Annoying. Just typed a long comment and it got deleted. Anyways...the gist of it was that I think it's great that you're going back to school. I toyed with going back to school for nursing for awhile but ultimately decided against it. Library Science would be very interesting as well. Someday I might go back and finish a DMA (kinda depends on if my throat stuff ever resolves). Anyways, I think it's great to have career options and to do something you love. I'm looking forward to using my degrees more as my kids get older. Good luck to you with your coursework!
I have always been grateful that I have a degree, and that it is a pretty kid-friendly one (elementary education) so if I had to get a job, the hours would mostly be while my girls were in school (once they get that old, anyway). I still get nervous thinking of all the things that could happen to Devin and terrified that I would actually have to figure out how to make it work, but knowing that I do have the degree helps. When Devin rides his bike to work I always tell him, "try not to get hit by a car." But I've also been thinking about going back to school to get another degree (we get free credits because Devin is a professor, so why not?!)
Good luck, and have fun, and I hope you enjoy it!!
I don't think it is pessimistic at all to plan for the worst. I think it is a smart thing to have a workable degree. You never know what life will throw at you. I've thought of going back, as we've discussed. I just don't know in what. Not in clarinet, and probably not as a band director.
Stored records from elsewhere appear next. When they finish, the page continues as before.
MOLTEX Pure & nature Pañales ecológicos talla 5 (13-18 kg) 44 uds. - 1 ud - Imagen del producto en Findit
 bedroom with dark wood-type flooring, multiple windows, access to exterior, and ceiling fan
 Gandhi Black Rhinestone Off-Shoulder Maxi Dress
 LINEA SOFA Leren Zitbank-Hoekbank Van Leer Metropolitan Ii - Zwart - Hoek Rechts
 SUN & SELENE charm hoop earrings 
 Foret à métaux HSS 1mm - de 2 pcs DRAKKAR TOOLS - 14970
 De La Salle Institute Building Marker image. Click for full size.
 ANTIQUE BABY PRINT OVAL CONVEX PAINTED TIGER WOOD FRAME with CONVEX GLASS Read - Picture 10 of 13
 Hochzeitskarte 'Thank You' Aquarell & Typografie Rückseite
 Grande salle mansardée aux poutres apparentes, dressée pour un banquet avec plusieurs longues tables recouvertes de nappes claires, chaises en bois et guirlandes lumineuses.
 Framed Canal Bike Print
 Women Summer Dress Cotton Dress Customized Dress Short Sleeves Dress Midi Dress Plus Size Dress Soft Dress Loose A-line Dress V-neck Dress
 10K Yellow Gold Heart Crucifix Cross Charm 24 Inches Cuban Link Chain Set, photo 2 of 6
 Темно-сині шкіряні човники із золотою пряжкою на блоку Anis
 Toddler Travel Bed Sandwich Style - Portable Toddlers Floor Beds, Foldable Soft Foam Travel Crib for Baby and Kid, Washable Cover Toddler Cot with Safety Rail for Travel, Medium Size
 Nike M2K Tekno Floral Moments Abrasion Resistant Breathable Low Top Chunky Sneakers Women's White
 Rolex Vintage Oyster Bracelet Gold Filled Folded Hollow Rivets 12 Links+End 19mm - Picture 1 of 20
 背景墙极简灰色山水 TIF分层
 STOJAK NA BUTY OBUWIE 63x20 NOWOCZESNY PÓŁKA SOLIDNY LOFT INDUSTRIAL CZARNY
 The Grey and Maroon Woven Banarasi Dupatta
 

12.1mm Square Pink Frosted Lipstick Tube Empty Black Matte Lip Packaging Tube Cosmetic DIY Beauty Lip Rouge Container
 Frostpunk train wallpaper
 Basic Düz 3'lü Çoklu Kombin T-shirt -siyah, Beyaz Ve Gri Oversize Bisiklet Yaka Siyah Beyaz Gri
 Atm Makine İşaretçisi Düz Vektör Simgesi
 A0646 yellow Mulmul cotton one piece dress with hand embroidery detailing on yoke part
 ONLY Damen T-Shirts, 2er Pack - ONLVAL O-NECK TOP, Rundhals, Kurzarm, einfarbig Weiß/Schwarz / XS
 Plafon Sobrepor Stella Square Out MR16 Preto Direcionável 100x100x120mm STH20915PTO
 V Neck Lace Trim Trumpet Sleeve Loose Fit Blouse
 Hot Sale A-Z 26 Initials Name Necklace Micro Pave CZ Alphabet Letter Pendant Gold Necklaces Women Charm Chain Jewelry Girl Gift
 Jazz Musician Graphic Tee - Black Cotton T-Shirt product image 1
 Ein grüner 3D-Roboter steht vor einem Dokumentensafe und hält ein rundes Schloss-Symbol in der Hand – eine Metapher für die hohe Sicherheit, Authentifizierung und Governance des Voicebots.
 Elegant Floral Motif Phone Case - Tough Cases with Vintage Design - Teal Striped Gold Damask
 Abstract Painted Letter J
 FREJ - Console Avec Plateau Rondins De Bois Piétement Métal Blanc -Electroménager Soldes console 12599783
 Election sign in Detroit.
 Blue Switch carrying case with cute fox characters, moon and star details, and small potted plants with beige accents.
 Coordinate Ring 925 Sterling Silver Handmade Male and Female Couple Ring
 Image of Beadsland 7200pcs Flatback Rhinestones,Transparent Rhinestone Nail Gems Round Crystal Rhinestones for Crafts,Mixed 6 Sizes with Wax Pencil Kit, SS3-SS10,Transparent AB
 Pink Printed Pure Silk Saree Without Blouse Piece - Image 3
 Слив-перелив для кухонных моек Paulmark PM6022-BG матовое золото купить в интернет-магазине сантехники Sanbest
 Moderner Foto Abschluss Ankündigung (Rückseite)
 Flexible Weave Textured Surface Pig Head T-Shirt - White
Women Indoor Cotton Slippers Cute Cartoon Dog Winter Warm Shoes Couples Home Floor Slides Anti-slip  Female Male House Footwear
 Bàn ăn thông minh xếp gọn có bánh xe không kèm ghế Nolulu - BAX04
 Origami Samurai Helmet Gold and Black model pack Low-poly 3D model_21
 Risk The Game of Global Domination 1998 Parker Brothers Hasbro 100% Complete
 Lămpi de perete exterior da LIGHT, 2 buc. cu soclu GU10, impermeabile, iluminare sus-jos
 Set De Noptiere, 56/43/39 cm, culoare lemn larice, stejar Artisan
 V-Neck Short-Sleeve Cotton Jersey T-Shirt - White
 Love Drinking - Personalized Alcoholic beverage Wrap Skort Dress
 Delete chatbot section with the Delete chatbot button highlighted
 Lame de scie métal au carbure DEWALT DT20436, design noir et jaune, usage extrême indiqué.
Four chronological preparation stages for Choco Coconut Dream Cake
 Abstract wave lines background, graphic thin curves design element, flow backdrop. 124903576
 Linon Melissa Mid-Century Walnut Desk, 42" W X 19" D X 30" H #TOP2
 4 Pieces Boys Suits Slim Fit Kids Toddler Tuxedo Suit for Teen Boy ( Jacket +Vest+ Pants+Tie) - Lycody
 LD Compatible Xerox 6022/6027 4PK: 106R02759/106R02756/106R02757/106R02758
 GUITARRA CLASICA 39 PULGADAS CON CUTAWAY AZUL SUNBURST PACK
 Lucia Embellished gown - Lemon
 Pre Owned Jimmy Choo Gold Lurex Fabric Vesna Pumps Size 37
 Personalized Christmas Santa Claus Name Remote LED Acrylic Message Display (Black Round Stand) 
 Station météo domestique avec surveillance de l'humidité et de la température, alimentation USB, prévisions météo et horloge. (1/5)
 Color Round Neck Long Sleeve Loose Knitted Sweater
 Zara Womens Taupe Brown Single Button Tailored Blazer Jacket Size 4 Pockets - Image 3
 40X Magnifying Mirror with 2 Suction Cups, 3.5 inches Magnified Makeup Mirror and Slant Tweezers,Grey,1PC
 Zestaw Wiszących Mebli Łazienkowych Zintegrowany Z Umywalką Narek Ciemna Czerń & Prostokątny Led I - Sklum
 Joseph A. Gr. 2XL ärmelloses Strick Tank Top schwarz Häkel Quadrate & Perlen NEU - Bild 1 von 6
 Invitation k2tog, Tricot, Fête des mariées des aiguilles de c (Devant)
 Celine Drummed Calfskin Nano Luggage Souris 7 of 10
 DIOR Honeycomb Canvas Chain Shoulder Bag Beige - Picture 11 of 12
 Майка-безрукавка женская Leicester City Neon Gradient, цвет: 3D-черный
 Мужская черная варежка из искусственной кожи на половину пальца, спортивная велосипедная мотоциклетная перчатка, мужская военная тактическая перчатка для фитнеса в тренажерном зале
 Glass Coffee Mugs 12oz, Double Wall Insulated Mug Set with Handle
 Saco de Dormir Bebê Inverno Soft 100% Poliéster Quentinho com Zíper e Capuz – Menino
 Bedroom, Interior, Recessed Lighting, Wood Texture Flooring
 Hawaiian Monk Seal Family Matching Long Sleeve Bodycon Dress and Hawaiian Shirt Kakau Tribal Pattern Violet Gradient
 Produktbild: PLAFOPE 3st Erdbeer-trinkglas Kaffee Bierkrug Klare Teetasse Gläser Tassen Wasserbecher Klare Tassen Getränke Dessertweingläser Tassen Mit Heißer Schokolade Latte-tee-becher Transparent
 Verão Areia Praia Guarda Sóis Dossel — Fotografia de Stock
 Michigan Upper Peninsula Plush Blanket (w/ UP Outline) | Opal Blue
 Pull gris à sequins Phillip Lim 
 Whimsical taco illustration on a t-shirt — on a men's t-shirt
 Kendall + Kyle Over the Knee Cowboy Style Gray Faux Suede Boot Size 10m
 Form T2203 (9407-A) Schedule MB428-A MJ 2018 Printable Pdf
I don't think I would be happy teaching at a junior high or high school. Right now we're focused on getting Mike finished, and maybe some time after I can go back to school. Good luck and have fun!
Oh, best of luck! One of these days when I'm not so exhausted (I don't think Benjamin is ever going to sleep through the night; ever) I might brave those same waters. But today is not that day, so I'll just live vicariously through you! :D
This is awesome. Good for you for looking ahead to the future and trying to plan for any contingency. Plus, school is fun, and you'll probably really enjoy it!! Good luck!!!